President Donald Trump continues to refuse to release his taxes, citing an ongoing audit as his reason. Nevertheless, this week the New York Times was able to obtain tax documents that revealed Trump's long history of abject financial failure.
Writing in the New Yorker, John Cassidy breaks down just how bad Trump's financial history is.
He notes that the Times story clearly got under Trump's skin, given his dramatic reaction on Twitter. He also notes that Trump didn't dispute any of the damning details.
"The first thing to note about Trump’s argument is that, despite his parting jibe, he didn’t challenge any of the specific figures in the Times story," Cassidy writes.
"They show that, between 1985 and 1989, a period when the economy was forging ahead and Trump was busy portraying himself as a billionaire with the Midas touch, his core businesses—apartment buildings, hotels, and casinos—somehow managed to lose $359.1 million."
"That was only the beginning.
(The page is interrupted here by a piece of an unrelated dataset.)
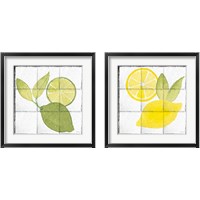 Framed 'Citrus Tile Black Border 2 Piece Framed Art Print Set' border=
As the economy weakened, in 1990 and 1991, Trump’s core businesses racked up losses of $517.5 million. And, between 1992 and 1994, as the economy recovered, they lost another $286.9 million."
He points out that Trump associates are trying to spin the losses as just standard operating procedure of running a business empire. That's false.
"For a decade, or more, he largely confined himself to licensing deals, entertainment ventures, and minority investments that cashed in on his personal brand, which somehow survived his dramatic fall," Cassidy says.
"In May, 2019, this is all distant history, of course," he adds.
"But don’t let anyone tell you—not Trump, nor Newt Gingrich, nor any of the President’s other apologists—that the businesses Trump operated were successful, or that the huge losses they sustained were simply tax dodges. They weren’t."